Nostro malgrado, non si scorgono all’orizzonte le condizioni per fermarsi e riprendere fiato: lo stanco occidente assomiglia ai molti tra noi che, dopo una lunga giornata di fatiche, sprofondano inermi sul divano invitante, troppo spossati per trascinarsi fino al letto e guadagnarsi un sonno davvero rigenerante.

Spossatezza di ideali

Sarebbe più utile se si trattasse di una stanchezza nata dalla disperazione: quella di uomini giunti allo stremo della sopportazione, pronti a gettare l’ultimo afflato di energia che li sostiene in un tentativo estremo di mutare il proprio destino. La consapevolezza che, a un passo dalla fine, tanto vale sfondare i cancelli dell’odierno Palazzo d’Inverno o assaltare i forni manzoniani.
Ma la stanchezza dell’occidente è diversa: è uno spossamento di ideali prima ancora che di energie, frutto di “schiaffi” implacabili e incessanti che abbiamo al contrario ritenuto ogni volta sopportabili e superabili.

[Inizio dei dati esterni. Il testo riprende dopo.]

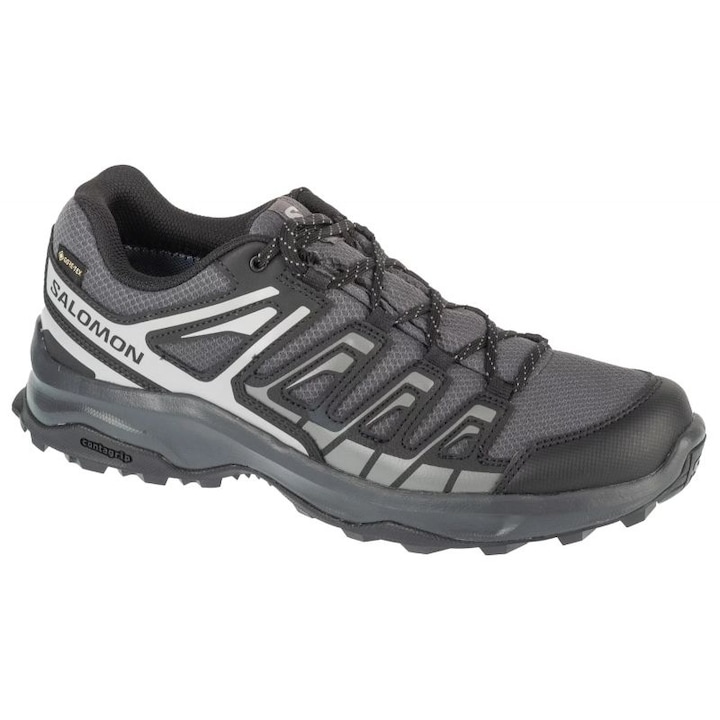 Pantofi sport pentru barbati, Salomon, BM218294, Gri, EU 43 1/3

Non ci siamo resi conto invece che quei colpi hanno lentamente eroso il nostro capitale di risorse intellettuali, disponibilità materiali, visioni progettuali e di civiltà. Siamo stati costretti a consumare quel patrimonio culturale, economico e sociale che nell’ultimo decennio del Novecento pensavamo inesauribile, fino a che non ci è rimasto altro che il divano.
Fortunatamente, in questa apatica implosione, abbiamo portato con noi l’impegno per i diritti civili e ambientali, ma sembrano più le vestigia di un passato glorioso che un progetto nuovo con cui poterci riappropriare dello spazio andato perso. Oggi li enumeriamo come le pecore nella nostra notte insonne, sforzandoci ad evitare che l’incubo di nuovi problemi prenda il sopravvento sul nostro dormiveglia.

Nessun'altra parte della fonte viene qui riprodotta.